Directions for this task: In the entries below, find the line containing "Welcome back to" and the line containing "A regression analysis". Copy those two lines and everything between them exactly, without the pictures.

Material for the task:
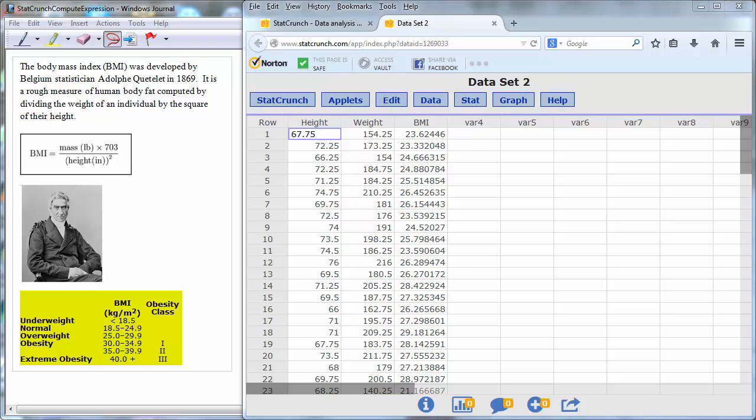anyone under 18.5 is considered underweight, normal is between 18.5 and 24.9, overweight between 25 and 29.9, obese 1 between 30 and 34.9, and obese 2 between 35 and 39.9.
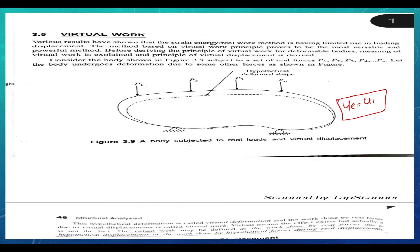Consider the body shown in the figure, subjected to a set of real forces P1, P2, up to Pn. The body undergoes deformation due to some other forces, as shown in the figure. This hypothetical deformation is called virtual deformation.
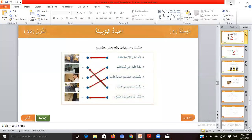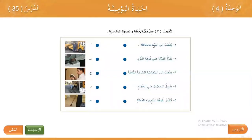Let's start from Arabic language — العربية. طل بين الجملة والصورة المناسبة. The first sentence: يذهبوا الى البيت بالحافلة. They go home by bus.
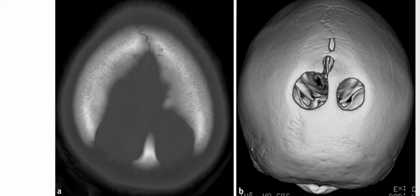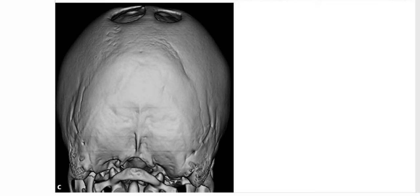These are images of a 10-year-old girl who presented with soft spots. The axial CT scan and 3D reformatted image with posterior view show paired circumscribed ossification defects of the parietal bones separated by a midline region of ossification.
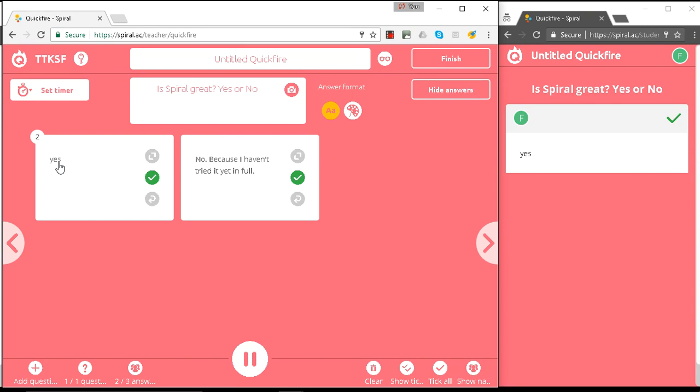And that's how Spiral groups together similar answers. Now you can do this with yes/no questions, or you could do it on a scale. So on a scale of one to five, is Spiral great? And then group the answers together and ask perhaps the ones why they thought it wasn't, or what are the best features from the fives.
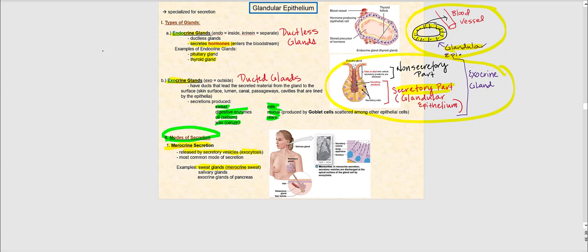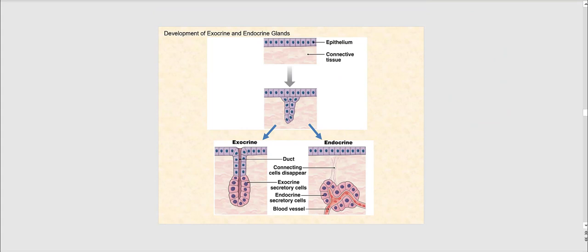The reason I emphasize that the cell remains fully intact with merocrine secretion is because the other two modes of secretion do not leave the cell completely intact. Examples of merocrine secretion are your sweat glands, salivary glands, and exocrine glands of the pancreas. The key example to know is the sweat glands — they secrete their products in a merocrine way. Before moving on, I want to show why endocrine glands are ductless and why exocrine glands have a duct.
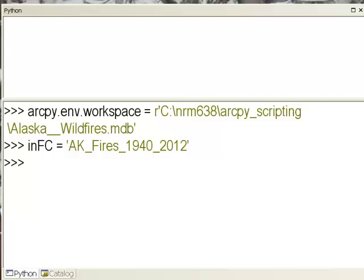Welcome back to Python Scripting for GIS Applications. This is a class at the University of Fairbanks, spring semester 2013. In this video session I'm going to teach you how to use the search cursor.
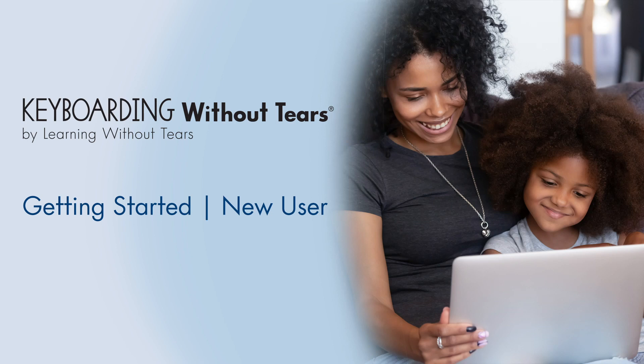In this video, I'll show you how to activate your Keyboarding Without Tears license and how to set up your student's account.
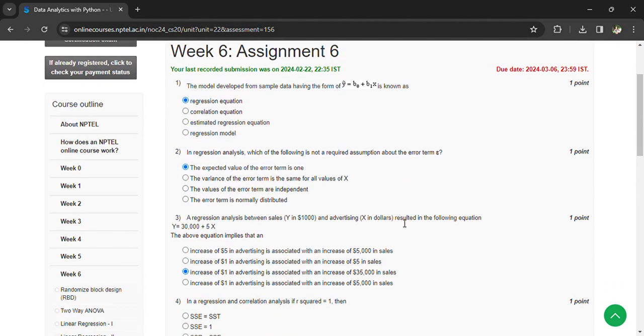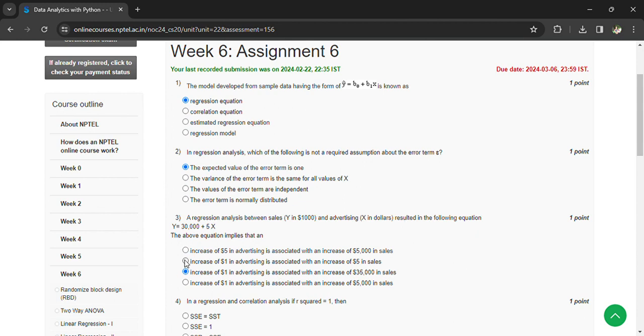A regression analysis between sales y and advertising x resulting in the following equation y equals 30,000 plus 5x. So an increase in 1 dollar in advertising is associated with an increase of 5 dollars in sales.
--
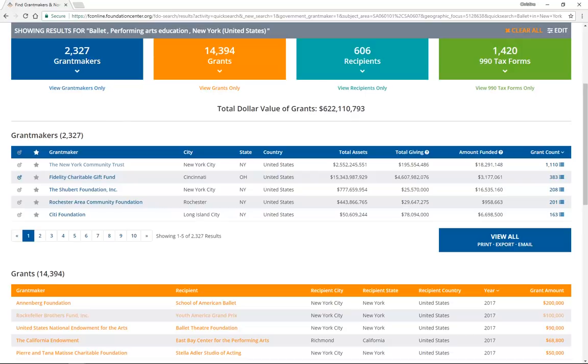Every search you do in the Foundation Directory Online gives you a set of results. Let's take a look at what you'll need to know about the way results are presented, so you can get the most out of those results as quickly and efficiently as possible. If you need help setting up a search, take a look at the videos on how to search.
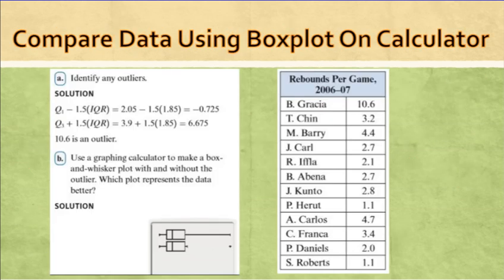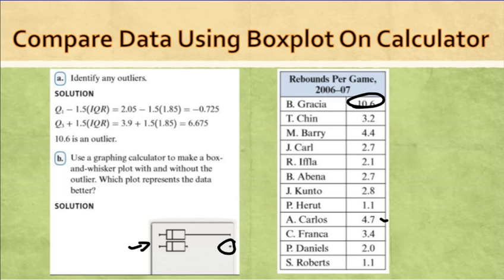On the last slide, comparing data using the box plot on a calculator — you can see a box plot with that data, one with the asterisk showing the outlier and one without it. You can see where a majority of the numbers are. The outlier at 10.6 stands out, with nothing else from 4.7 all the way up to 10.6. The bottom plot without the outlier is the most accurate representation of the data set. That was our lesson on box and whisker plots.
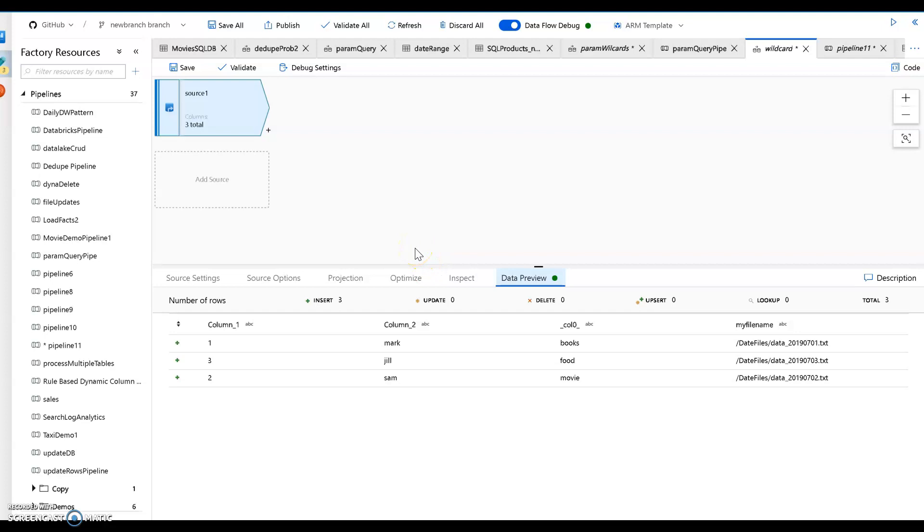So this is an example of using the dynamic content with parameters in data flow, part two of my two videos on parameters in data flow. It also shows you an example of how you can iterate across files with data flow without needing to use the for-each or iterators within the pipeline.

Answer to this task:
Welcome back to Python Scripting for GIS Applications. This is a class at the University of Fairbanks, spring semester 2013. In this video session I'm going to teach you how to use the search cursor.
In this video, I'll show you how to activate your Keyboarding Without Tears license and how to set up your student's account.
A regression analysis between sales y and advertising x resulting in the following equation y equals 30,000 plus 5x. So an increase in 1 dollar in advertising is associated with an increase of 5 dollars in sales.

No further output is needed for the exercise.